My book definitely falls into the category of Widow Lit. Hooray! I’m “in”!

I have never been “in” in my life.

When I was a teenager I decided to buy those incredibly trendy Minute glasses, with the oversized round frames. Unfortunately the pictures I had seen of those very cute Minute glasses had very thin lenses in them. My lenses were...not thin. In fact, for anyone in the know, my prescription in high school went from -7 to -9. this is not on the 20/20 or 20/whatever scale, because it’s a comparison of what people can see at 20 feet; I saw zero at 20 feet.
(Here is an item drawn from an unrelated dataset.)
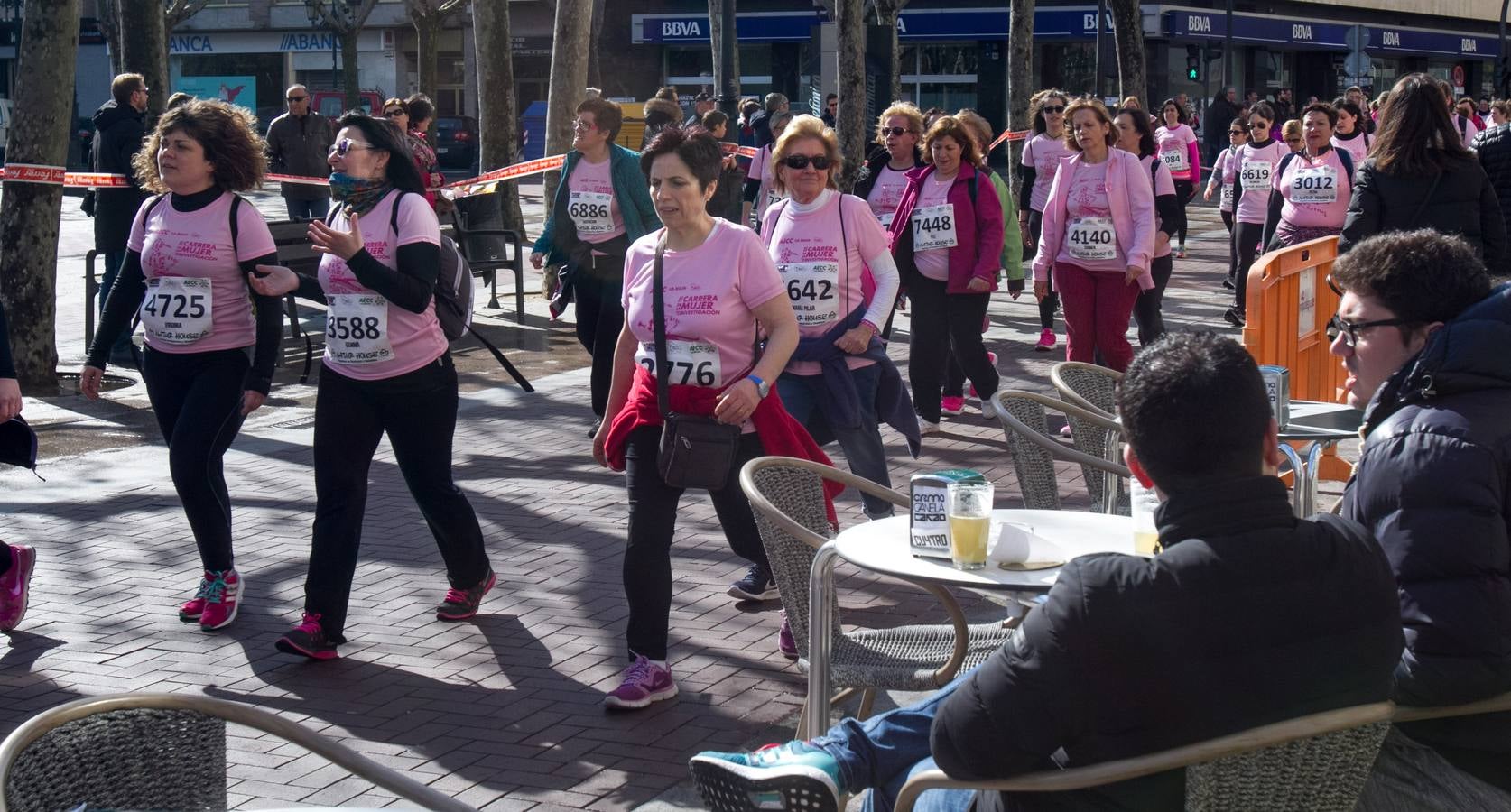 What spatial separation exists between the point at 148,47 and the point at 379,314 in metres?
8.57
I literally could not see one foot (my own, or distance) or more than three inches. (This is not legally blind, because the definition of legally blind is that you can’t see 20/20, or anything close to it, even with correction. With correction, I had 20/20 vision, at least until I changed another whole diopter, which happened with frightening regularity.) So those adorable Minute frames were the diameter of Coke bottle bottoms, lending an awful literalness to the term “Coke bottle glasses.” My head and eyes were distorted and shrunken, and the lenses (Featherweights!) stuck out of those cute Minute frames by about half an inch. In my next pair of glasses, we decided “smaller is better,” especially since, by then, my prescription had gone to -11, topping out at -12.

I had Lasik surgery at age 23, which was before it was officially “in.” Maybe this made me avant garde, but I was not “in.” My prescription has edged up a little since the Lasik, and now I own a pair of trendy Tina Fey glasses (or as my brother calls them, “smart girl glasses,”) but I don’t wear them because most of my day is spent at a computer screen and I only need them for long distance. I wear them to drive, which I do about twice a year. I’m not “in.”
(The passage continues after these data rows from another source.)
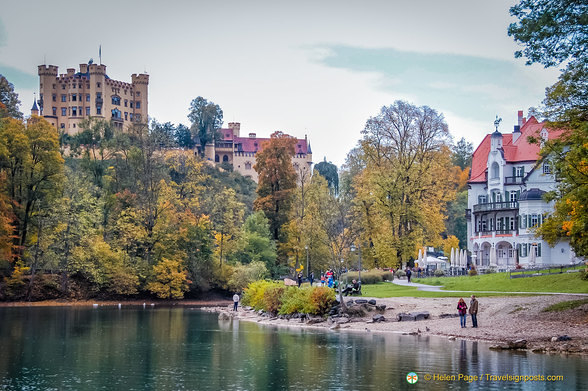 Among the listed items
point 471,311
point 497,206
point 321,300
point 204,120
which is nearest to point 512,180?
point 497,206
I don’t like diets, so I refuse to try anything that’s “in,” like Atkins or Zone or Marilu Henner’s plan. I won’t do Jenny Craig. So not in. (Then again, the celebs who pitch Jenny Craig are even farther from “in” than I am...because they were “in” at one time, and I wasn’t, so while I’m still just “not in,” they’re “out.” Hmm.)

I don’t buy trendy clothes, because quality trendy clothes are expensive, and if I sucked it up and bought the quality trendy clothes they’d be out within a year and I’d have to revamp my entire wardrobe once again. I could shop at H&M, but the few items I’ve bought from them (bordering dangerously on “in”) start unraveling on the second wearing.

I don’t have trendy hair. In fact, after my last haircut, I looked into the mirror and thought, “My goodness. My hair is now ‘The Rachel.’” “The Rachel” was in...in 1995. Then again, when it dries naturally, it goes into “The Hillary.” This will never, ever be “in.” (I am temporarily solving this problem with copious amounts of gel.)

I don’t wear trendy makeup. Makeup tends to go in fads, like sparkly one year and matte the next...but all in various shades of pink. I can’t wear pink; I look like an old lady who buys Wet ‘n’ Wild on sale.

(So maybe I’m not “in”...but I did just get an email that said I have won the European lottery! I’m not in but I’m rich! Yee-haw...you don’t need to enter contests to win them, do you?)

All of these reasons why I am not “in.” But...I am the author of the book that, for whatever it’s worth, has been classified by Entertainment Weekly, as “in.” Line up! Get ‘em while they’re hot! Because in five minutes, they’ll be “five minutes ago.”

3 comments:

Andrea said...

Wow, Widow Lit is a category? I'm so far from "in" that I evidently have never even heard of it.

Kathryn Maughan said...

I hadn't heard of it either, but there it was, in Entertainment Weekly. Of course, it was waiting in my "to be read" stack when I got back from a 2 1/2 week Christmas vacation, so maybe it's already five minutes ago...

Kathryn Maughan said...

In fact, I just Googled "widow lit," and it was designated a category by Publisher's Weekly in 2004. My blog post on widow lit put me at #7 on the Google results.